#### Data block:
********
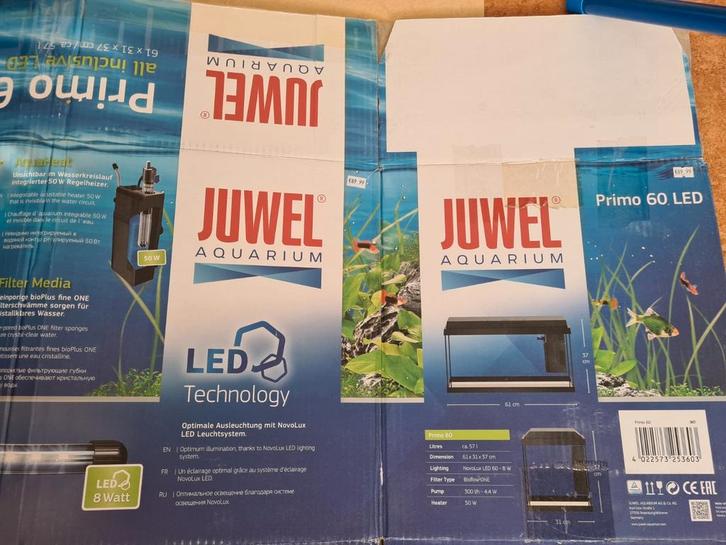 Juwel aquarium 60 liter, Dieren en Toebehoren, Vissen | Aquaria en Toebehoren, Gevuld zoetwateraquarium, Ophalen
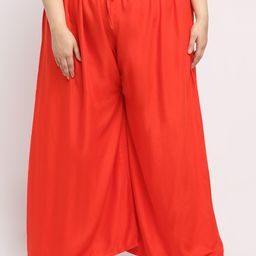 STYLE PREZONE Women Relaxed Flared Trousers-image-94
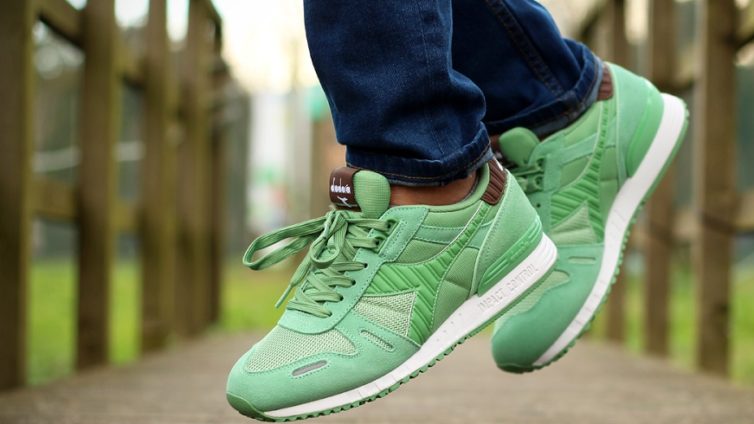 Diadora kick verde sale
********
Repeat the full listing above exactly, with no pictures in the copy.

 Juwel aquarium 60 liter, Dieren en Toebehoren, Vissen | Aquaria en Toebehoren, Gevuld zoetwateraquarium, Ophalen
 STYLE PREZONE Women Relaxed Flared Trousers-image-94
 Diadora kick verde sale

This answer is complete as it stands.